The price tag so far: $50.6 billion, the cost of electricity sold from early Monday, when the blackouts began, to Friday morning, according to BloombergNEF estimates. That compares with $4.2 billion for the prior week.
Some of those costs have already fallen onto consumers as electricity customers exposed to wholesale prices wracked up power bills as high as $8,000 last week. Other customers won’t know what they’re in for until they receive their gas and power bills at the end of the month. Ultimately, the financial pain will probably be shared by ratepayers and taxpayers alike, said Michael Webber, a professor at the University of Texas at Austin and chief science officer for French power company Engie SA.
If prior U.S. power market failures are any guide, Texans could be on the hook for decades. Californians, for example, have spent about 20 years paying for the 2000-2001 Enron-era power crisis, via surcharges on utility bills.
CPS Energy, which is owned and run by the city of San Antonio, said on Twitter it was looking into ways to spread costs for the last week over the next 10 years. That didn’t sit well with its customers, who railed against the company’s proposal during a board meeting on Monday.
“Spreading the cost of this event over a decade is unacceptable,” said Aaron Arguello, an organizer with Move Texas. “Customers are already in debt with student loans, mortgages and other payments.”
But companies that ran up huge losses as the cost of electricity skyrocketed last week will inevitably try to recoup those through their customers, taxpayers or bonds. How quickly Texans pay depends on who their provider is.
Gas utilities usually pass the costs onto customers at the end of the monthly billing cycle, said Toby Shea, a senior credit officer at Moody’s Investors Service. Municipal utilities, co-ops and regulated power providers have the ability to spread out costs over a longer time-frame. “It’s very easy for a government to spread this out for many years and even a few months,” he said.
CPS Chief Executive Officer Paula Gold-Williams said last week the company may also issue bonds to help pay for the natural gas it bought at inflated prices.

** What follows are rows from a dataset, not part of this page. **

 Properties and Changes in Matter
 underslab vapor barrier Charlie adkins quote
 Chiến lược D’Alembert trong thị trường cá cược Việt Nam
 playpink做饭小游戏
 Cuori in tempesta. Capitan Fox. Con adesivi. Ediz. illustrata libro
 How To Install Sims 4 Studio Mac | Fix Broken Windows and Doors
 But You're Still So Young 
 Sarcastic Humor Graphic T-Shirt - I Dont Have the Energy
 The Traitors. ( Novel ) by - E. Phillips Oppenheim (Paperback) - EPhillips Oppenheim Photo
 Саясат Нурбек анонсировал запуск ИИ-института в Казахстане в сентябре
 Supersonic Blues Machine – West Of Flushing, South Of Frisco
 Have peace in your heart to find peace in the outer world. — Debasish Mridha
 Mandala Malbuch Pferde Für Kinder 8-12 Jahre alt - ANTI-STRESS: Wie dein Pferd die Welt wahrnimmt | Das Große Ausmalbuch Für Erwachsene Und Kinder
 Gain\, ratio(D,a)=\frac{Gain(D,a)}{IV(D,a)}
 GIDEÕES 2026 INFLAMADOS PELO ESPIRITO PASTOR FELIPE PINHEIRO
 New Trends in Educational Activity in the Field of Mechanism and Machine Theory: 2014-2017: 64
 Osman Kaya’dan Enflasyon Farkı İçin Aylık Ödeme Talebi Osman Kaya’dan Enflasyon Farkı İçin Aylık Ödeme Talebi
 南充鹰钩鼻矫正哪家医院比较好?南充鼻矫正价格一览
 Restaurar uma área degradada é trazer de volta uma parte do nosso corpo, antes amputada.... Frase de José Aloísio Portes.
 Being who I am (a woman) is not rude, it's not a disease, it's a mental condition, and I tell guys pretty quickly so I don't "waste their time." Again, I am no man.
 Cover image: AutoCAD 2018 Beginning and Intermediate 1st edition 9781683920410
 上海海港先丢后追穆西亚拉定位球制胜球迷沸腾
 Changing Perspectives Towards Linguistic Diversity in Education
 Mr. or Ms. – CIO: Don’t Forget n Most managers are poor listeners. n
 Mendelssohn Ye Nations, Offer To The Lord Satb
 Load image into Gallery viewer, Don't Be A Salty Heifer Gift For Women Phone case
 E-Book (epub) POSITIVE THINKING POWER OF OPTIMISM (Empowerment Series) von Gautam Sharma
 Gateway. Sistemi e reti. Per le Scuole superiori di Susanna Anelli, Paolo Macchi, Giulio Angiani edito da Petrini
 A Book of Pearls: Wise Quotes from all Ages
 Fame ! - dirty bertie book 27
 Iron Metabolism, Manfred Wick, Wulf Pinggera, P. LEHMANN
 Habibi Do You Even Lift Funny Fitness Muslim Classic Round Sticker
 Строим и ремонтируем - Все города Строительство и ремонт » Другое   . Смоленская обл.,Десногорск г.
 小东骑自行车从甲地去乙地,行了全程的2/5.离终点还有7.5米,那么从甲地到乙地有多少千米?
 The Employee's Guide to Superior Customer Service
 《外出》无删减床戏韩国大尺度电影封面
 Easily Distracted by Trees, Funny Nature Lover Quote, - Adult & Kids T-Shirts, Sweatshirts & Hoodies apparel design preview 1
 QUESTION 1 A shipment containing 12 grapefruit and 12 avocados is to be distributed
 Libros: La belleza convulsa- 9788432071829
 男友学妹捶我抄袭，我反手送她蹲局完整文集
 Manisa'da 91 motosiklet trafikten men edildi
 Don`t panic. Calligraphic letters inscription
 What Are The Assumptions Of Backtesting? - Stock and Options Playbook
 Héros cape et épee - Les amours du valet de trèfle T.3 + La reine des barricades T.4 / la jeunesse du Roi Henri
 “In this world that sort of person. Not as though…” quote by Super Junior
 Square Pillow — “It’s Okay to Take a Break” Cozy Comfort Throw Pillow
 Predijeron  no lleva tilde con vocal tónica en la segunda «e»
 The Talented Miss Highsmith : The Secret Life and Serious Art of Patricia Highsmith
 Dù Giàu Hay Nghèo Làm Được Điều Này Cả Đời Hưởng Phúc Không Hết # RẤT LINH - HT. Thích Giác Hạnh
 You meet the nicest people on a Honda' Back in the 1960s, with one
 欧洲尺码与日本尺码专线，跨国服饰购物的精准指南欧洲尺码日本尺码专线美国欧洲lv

Some utilities are looking to secure hundreds of millions of dollars in liquidity to spread out costs for 10 to 20 years, said Scott Sagen, an associate director in U.S. public finance at S&P Global Ratings. Rayburn Country Electric Cooperative Inc., for example, has fully drawn its $250 million syndicated line of credit and has recently entered into a $300 million bilateral line of credit with National Rural Utilities Cooperative Finance Corp. for one year, according to an S&P report published Monday.
A number of utilities are in talks with their banks to get liquidity to pay off their current debts so they can then take out a bridge loan that they’ll convert to long-term bonds. “They’re trying to smooth out these costs as much as possible and provide cover for their customers,” Sagen said.
But small retailers who tend to be more thinly capitalized and less robustly hedged have limited options. One such company, Griddy, said last week it would challenge the prices set by the grid operator during the crisis, in an apparent bid to recoup losses for itself and its customers. Another company, Octopus Energy, said Monday it would forgive any energy bill in excess of the average price of electricity for the week, and eat the resulting losses which could be millions of dollars.
The state’s utility regulator on Sunday blocked power sellers from disconnecting customers for non-payment, saying the governor and lawmakers need time to come up with a plan to address sky-high bills, first. Texas lawmakers will likely take up the discussion of consumer relief as part of their committee hearings on the crisis which will begin this week, a spokesman for the Public Utility Commission of Texas said.
In theory, the legislature could pass an emergency bill that could cover the excessive costs charged by generators during the crisis, said Julie Cohn, an energy historian with affiliations at Rice University’s Center for Energy Studies and the University of Houston’s Center for Public History. “Another piece would be to say you can have a competitive power market that we have, but prohibit the provider from linking the price directly to the wholesale price, as Griddy does.”
That would be easier to do in a state that takes a more heavy-handed regulatory approach to its electricity market, according to Webber. But Texas decided to take a more hands off approach with its deregulated system, he said.
“The question is where is the money going to come from?” Shea said. “Will Texas go and bail out certain customers? That’s not their attitude toward how they manage their market or manage their economy.”